= Connecticut Education Network =

The Connecticut Education Network (CEN) is a statewide, high-speed fiber-optic network serving the research and education community in Connecticut. Established in 2000, it was the first all-optical research and education network in the United States. CEN provides internet access, security services, and data transport to K–12 schools, higher education institutions, libraries, and municipal governments.

== History ==
CEN was created under Connecticut General Statute §4d-82a and signed into law in 2000. The initiative was championed by then-Lieutenant Governor Jodi Rell with the goal of ensuring that all students in Connecticut were "cyber-ready" by the sixth grade. By 2005, CEN had successfully connected every public school district in the state to its fiber-optic backbone.

Initially restricted to the education and research community, the network transitioned to an "Open Access" model following the federal Broadband Technology Opportunity Program (BTOP) grant in the early 2010s. This allowed a wider range of organizations, including non-profits and state agencies, to utilize the network.

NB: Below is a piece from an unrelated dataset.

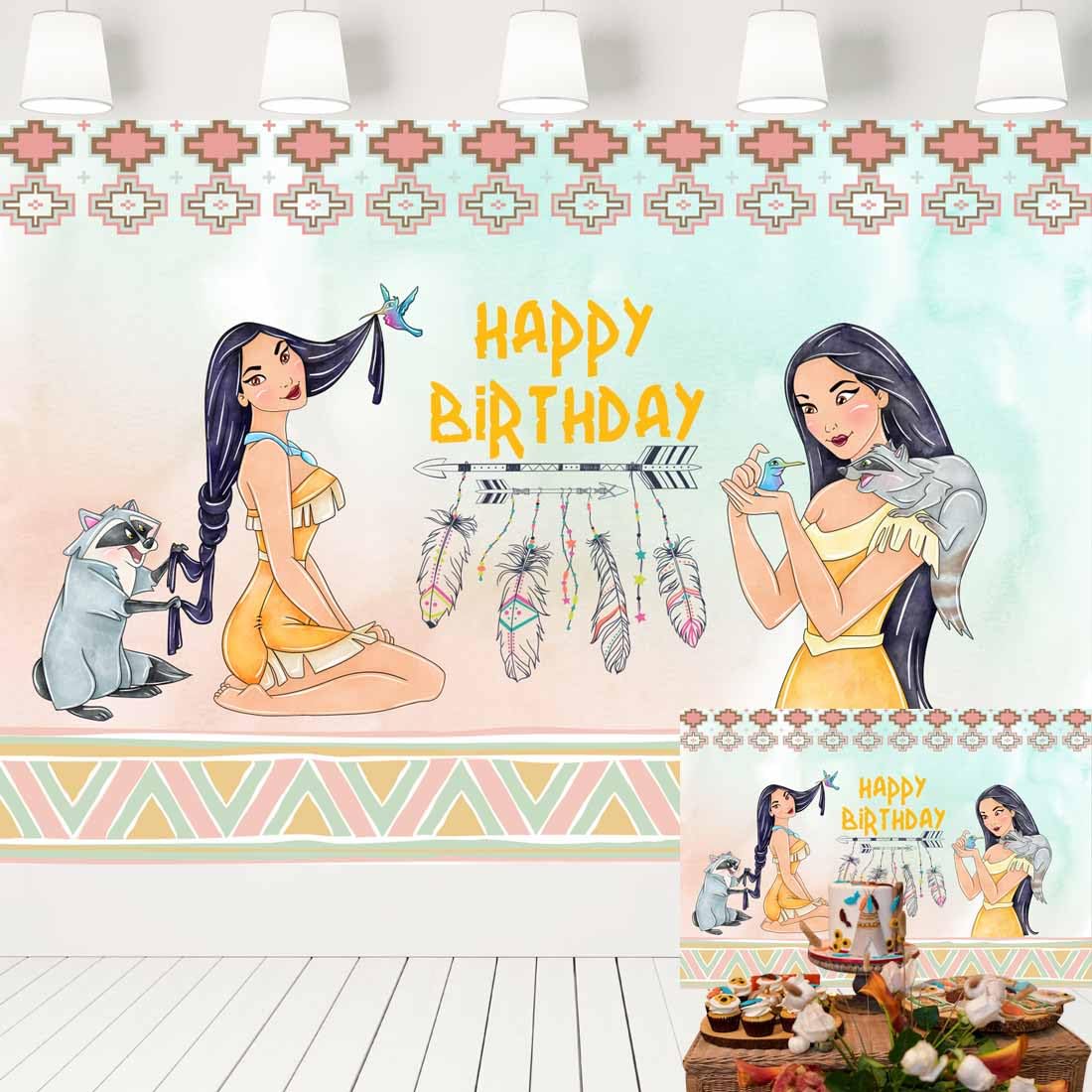 Watercolor Princess Pocahontas Backdrop for Birthday Party Native American Pattern Background Girls Party Supplies 7x5 ft 474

== Governance and Operation ==
CEN is a joint venture between the State of Connecticut and the University of Connecticut (UConn).

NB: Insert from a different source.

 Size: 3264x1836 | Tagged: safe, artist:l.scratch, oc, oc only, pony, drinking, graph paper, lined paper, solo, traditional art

- Operator: UConn serves as the program operator, managing the network's technical infrastructure and day-to-day operations.

- Policy: The network is governed by the Connecticut Commission for Educational Technology (CET), which sets the policy goals and strategic direction for the state’s educational technology initiatives.

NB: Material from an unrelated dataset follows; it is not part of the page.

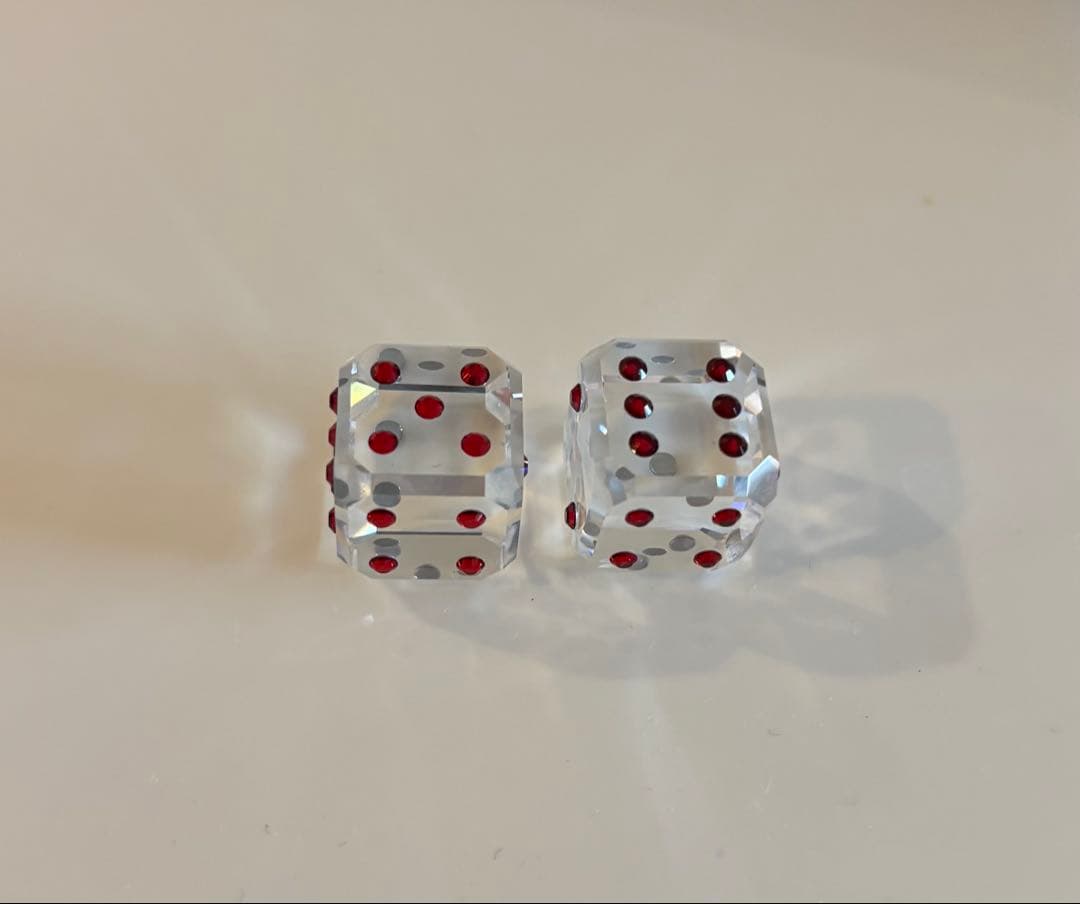 スワロフスキー　サイコロ　赤セット　Swarovski Dice Set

- Partnerships: CEN is a member of The Quilt (a national coalition of advanced regional networks) and provides access to Internet2, a high-speed nationwide network for the research community.

== Infrastructure and Services ==
The network consists of over 2,400 route miles of fiber-optic cable. It operates on a not-for-profit, cost-recovery model, allowing it to provide services at competitive rates compared to commercial internet service providers. Key services include:

- High-Speed Internet: Low-latency connectivity with "unlimited bursting" to accommodate high-traffic periods like online testing.

- Cybersecurity: Managed firewalls, DDoS (Distributed Denial of Service) protection, and web filtering.

- Community Wi-Fi: Through programs like "Everybody Learns," CEN provides public Wi-Fi and supports eduroam, a global roaming access service for the research and education community.